In a “pure” software company, MDA is much more a permanent asset, so some of these drawbacks will have a minor effect.
Adopting MDA is a big mindset shift for a development team, all of the usual operation for all the roles involved are different. You can be radical and forget about all the MDA stuff done by an external team: at the end PIM produces PSM which produces code. You just move the focus back to code. It’s like moving back from industry to artisanship, but if you’re just “decorating” the legacy MDA-engineered application, it can just make sense (but you’ll pay more if you want to move back to MDA, for example to apply some new functionality). In this case, the model and the architecture are just assets of the development task force, which can deliver proven yet custom applications in a shorter time.
Finding the hot spot
If you decide instead to adopt the full MDA round-trip also fro the maintenance phase, you’ll have to be aware that the whole maintenance methodology gets scrambled.
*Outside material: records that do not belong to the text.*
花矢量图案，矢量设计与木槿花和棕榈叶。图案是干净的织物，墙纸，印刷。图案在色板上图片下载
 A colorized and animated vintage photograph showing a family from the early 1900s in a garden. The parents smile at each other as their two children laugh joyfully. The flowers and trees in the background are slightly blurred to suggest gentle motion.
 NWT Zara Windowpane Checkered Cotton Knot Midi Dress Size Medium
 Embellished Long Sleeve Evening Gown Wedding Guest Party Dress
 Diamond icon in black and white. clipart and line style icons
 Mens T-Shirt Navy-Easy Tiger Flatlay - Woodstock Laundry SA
For any reported bug, the problem determination cycle must determine whether the error resides in the PIM, PSM, (custom) transformation, or protected area. Each solution leads to a different way to resolve the bug maintaining the overall system integrity. You’re probably going to pay part of the savings in the early stages of the project, in the maintenance phase, ‘cause you need more skilled developers to get the job done properly. On the other hand you’ll probably have less bugs, in this project, or in the following if you correctly adjust the models and the mappings.
Regardless of the chosen approach (partial or full roundtrip), one of the greatest boost to development speed is given by the toolset used. Unfortunately, there’s still a big distance from the claimed official academic MDA approach and the real world offer of MDA tools on the market. Despite the OMG efforts for interoperability, looks like most of the tools have still chosen a “proprietary approach”, somehow forcing the development process to be tailored around the specific tool (which sounds a bit ironic, cause MDA aimed to achieve platform independence). Moreover, most MDA tools look pretty expensive, the vendor lock-in might so be enforced by your boss: “You asked all of this money for this tool? Now you’re going to use it till the end of your days to have it repaid!” (Lightning & thunder).
Diamonds are forever
I haven’t really found any information about somebody who switched from one MDA tool to another one, still inside an MDA process. I suppose it might be interesting to know. I haven’t seen such mobility also in UML tools probably due to price reasons as well, so we might expect a similar scenario in the MDA playground as well, with few big competitors, defining de-facto standards, as long as open source doesn’t show up as a real full-featured viable option.